> _Information given_:
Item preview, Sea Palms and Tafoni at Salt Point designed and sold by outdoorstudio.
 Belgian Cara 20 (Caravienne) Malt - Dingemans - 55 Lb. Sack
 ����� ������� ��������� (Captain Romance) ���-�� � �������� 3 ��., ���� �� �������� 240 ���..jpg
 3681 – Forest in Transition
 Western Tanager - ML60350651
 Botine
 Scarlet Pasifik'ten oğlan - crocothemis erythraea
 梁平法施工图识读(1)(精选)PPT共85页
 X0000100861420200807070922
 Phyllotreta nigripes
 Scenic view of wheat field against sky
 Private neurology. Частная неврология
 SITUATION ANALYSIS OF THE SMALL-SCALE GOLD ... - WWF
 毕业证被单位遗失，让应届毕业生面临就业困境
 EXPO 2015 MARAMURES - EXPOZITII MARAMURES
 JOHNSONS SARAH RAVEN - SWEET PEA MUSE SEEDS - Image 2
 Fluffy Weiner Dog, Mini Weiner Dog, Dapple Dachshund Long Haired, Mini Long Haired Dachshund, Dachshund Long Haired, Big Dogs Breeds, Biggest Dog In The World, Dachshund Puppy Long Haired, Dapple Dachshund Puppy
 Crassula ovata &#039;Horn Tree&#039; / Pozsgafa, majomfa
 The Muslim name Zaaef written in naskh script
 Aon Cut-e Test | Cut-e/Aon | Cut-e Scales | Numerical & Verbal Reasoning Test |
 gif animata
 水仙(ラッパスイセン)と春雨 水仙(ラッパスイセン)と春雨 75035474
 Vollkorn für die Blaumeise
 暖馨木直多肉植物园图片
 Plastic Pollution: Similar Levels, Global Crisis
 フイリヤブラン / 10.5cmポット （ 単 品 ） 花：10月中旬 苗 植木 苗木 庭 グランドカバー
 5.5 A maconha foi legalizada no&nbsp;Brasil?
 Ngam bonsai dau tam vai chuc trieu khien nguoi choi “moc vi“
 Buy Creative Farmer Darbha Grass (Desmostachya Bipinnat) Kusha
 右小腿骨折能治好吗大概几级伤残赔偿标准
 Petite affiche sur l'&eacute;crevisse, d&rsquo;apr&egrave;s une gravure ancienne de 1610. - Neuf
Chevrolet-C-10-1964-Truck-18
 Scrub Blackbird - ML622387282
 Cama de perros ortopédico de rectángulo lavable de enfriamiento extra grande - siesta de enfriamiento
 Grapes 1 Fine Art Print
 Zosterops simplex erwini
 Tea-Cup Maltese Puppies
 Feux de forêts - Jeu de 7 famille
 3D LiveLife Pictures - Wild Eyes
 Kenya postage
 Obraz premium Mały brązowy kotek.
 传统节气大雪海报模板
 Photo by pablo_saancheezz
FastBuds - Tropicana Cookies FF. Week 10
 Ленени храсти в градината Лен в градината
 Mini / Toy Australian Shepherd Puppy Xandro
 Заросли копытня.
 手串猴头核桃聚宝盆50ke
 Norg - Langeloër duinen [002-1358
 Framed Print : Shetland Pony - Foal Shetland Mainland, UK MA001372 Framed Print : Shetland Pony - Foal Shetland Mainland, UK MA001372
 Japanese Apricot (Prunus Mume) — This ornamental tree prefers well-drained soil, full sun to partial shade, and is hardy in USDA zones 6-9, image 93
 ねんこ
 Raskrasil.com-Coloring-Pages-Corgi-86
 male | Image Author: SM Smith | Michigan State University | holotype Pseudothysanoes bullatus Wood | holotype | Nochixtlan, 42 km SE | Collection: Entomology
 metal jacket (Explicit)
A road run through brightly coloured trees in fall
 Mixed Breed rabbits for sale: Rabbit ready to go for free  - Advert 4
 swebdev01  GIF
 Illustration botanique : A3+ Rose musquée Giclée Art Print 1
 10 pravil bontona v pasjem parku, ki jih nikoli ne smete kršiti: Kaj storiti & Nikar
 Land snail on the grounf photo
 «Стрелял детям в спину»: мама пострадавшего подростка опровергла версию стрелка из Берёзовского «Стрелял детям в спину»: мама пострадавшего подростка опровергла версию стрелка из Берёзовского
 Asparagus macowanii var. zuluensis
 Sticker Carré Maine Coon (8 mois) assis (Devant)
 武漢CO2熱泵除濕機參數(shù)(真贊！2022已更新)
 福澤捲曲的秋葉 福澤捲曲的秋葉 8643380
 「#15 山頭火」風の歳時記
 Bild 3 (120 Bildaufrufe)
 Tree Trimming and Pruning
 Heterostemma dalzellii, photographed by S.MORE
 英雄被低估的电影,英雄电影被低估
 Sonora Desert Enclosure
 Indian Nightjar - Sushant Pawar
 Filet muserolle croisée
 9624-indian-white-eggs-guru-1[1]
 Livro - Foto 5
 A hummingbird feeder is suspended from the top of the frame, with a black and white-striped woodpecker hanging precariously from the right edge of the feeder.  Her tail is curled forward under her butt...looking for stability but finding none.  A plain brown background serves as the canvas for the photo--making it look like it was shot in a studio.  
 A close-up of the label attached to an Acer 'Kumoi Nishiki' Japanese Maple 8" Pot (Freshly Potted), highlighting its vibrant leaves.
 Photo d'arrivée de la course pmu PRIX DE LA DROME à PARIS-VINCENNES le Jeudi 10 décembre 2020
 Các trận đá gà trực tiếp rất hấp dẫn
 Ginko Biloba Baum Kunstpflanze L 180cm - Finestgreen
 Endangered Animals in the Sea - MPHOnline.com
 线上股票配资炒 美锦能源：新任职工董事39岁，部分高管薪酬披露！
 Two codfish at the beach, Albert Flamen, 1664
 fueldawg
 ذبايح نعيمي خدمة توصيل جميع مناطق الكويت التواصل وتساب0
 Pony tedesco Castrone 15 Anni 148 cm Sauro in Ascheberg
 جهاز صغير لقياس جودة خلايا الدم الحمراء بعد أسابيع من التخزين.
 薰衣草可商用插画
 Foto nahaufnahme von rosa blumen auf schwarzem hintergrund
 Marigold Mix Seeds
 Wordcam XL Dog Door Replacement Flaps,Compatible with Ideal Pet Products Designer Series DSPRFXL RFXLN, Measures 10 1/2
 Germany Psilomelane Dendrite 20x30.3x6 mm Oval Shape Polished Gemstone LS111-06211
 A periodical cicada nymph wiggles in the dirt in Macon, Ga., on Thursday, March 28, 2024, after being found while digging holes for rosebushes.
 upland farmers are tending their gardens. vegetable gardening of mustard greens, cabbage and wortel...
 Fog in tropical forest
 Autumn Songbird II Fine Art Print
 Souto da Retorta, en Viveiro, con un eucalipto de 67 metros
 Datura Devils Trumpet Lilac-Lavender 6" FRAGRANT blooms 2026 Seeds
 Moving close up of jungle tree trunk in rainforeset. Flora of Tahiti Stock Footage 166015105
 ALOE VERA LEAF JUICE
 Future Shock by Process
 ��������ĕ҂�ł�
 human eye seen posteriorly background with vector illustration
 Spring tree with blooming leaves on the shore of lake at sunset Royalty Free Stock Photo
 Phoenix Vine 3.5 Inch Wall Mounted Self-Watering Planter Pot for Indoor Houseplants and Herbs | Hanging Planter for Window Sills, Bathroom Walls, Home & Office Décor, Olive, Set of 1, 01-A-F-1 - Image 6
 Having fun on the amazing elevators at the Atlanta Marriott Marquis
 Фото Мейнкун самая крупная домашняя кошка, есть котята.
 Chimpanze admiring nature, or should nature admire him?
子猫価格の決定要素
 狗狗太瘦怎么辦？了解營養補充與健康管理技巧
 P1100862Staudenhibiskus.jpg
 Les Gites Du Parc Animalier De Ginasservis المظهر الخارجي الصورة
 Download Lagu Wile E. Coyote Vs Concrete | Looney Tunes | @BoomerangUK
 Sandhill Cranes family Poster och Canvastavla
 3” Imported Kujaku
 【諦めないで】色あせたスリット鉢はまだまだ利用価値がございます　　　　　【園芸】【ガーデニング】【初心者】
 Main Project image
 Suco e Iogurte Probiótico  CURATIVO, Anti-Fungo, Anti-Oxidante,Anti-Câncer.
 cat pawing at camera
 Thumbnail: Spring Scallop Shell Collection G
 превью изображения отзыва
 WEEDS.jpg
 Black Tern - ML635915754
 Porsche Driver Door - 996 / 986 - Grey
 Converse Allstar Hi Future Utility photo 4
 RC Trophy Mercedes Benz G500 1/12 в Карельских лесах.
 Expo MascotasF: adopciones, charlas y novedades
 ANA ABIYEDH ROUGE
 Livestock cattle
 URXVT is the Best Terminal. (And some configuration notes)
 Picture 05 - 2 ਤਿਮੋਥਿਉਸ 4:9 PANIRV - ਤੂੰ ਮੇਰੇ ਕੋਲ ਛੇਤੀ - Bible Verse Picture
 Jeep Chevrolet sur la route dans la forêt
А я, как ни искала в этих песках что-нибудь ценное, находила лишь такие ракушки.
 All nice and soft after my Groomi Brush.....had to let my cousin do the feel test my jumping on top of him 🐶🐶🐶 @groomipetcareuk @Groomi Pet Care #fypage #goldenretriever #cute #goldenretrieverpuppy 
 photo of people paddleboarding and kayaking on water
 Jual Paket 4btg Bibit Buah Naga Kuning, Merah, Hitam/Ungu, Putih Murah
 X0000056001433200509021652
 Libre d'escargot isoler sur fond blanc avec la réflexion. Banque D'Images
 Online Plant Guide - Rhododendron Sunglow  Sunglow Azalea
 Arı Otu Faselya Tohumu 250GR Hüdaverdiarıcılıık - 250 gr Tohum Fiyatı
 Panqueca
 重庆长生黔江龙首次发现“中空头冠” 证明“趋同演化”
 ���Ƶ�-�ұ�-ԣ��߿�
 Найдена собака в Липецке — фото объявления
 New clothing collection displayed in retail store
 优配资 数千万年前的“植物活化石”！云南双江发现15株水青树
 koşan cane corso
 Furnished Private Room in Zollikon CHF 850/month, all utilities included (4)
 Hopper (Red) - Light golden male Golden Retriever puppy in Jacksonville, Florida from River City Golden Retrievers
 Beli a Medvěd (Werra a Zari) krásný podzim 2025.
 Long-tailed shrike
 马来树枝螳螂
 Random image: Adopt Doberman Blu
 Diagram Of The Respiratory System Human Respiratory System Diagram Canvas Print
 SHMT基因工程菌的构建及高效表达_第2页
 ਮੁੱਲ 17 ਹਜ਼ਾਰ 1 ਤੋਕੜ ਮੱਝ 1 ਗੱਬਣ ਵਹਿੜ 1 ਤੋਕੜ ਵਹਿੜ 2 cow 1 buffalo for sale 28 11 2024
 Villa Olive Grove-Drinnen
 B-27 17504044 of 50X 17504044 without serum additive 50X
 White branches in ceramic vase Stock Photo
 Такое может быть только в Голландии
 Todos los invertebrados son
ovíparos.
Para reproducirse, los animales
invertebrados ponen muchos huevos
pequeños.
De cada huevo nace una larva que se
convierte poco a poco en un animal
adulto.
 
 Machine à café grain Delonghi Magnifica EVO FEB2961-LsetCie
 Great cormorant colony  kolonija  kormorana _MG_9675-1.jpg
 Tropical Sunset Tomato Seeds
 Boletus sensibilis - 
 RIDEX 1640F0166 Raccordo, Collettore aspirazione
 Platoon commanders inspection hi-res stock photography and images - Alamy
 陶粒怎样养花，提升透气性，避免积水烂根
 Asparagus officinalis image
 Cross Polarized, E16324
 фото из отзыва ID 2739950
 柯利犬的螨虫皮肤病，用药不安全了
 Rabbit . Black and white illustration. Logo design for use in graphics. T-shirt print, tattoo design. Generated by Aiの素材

> _Your task_:
All lines above from the one containing "Land snail on the grounf photo" to the one containing "Tree Trimming and Pruning" must be repeated exactly, both lines included, and no others.

> _Response to this task_:
 Land snail on the grounf photo
 «Стрелял детям в спину»: мама пострадавшего подростка опровергла версию стрелка из Берёзовского «Стрелял детям в спину»: мама пострадавшего подростка опровергла версию стрелка из Берёзовского
 Asparagus macowanii var. zuluensis
 Sticker Carré Maine Coon (8 mois) assis (Devant)
 武漢CO2熱泵除濕機參數(shù)(真贊！2022已更新)
 福澤捲曲的秋葉 福澤捲曲的秋葉 8643380
 「#15 山頭火」風の歳時記
 Bild 3 (120 Bildaufrufe)
 Tree Trimming and Pruning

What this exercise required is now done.